From start, Bush team focused on war with Iraq: documents
Former president George W. Bush’s advisers focused on toppling Saddam Hussein’s regime as soon as he took office and discussed how to justify a war in Iraq shortly after invading Afghanistan in 2001, official documents showed Wednesday.
A few hours after the September 11 attacks in 2001, then defense secretary Donald Rumsfeld spoke of attacking Iraq as well as Osama bin Laden, according to notes of a meeting on that day, newly declassified papers show.
Rumsfeld told a Pentagon lawyer to go to his deputy to get “support” showing a supposed link between the Iraqi regime and Al-Qaeda’s founder, according to the papers posted by the Washington-based National Security Archive, an independent research institute.
The US government has since acknowledged that Saddam’s regime had no role in the 9/11 attacks.
In June and July of 2001, senior administration officials seized on intercepted aluminum tubes as proof that Iraq was pursuing nuclear weapons, even before a preliminary assessment of the tubes, according to two State Department memos to then secretary of state Colin Powell.
One memo states the US government’s interest in “publicizing the interdiction to our advantage” and “getting the right story out” about the tubes, which were soon found to have no nuclear connection.
Confronting Iraq was also the focus of a July 2001 memo to the national security adviser at the time, Condoleezza Rice, with Rumsfeld urging a high-level meeting on policy towards Baghdad.
Voicing concern that sanctions were proving a failure and that Iraq’s air defenses were improving, Rumsfeld warned: “Within a few years the US will undoubtedly have to confront a Saddam armed with nuclear weapons.”
Forecasting an optimistic outcome far from the result the Iraq war produced, Rumsfeld said that Washington’s image in the region and the world would benefit from toppling Saddam.
“If Saddam’s regime were ousted, we would have a much-improved position in the region and elsewhere,” he wrote. “A major success in Iraq would enhance US credibility and influence throughout the region.”
Another document shows Rumsfeld discussing war plans for Iraq just two months after the 2001 US invasion of Afghanistan.
In a meeting with the then head of US Central Command, General Tommy Franks, the defense chief tells him to ready forces for the “decapitation” of the Iraqi regime.
In talking points dated November 27, Rumsfeld lists possible triggers the Bush administration could use to start a war, including Iraqi military action against the US-protected enclave in northern Iraq, discovery of ties between Saddam and 9/11 or recent anthrax attacks and disputes with UN weapons inspections.
In a December 18, 2001 memo, the State Department’s analytical unit warns that France and Germany will likely oppose an invasion of Iraq without concrete proof that Baghdad was behind the 9/11 attacks.

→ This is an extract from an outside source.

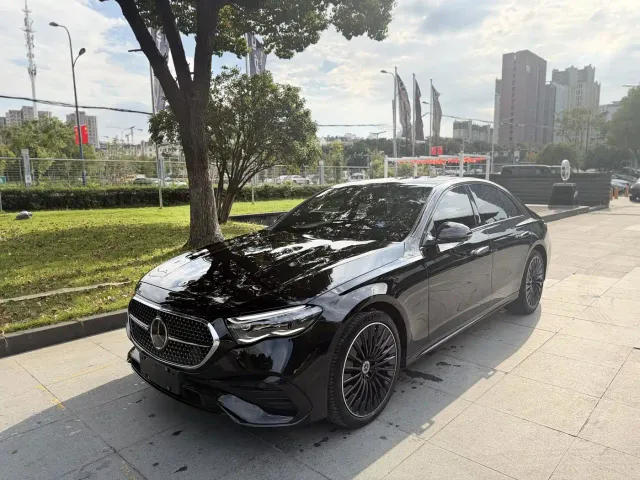 Фотография автомобиля — Mercedes-Benz E-Class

The same memo warns that British support for a US war would come at a political cost for the prime minister, Tony Blair, and could trigger a backlash from the country’s Muslim population.
Backing the US war “could bring a radicalization of British Muslims, the great majority of whom opposed the September 11 attacks but are increasingly restive about what they see as an anti-Islamic campaign,” the memo states.
The documents posted Wednesday were released under a Freedom of Information request.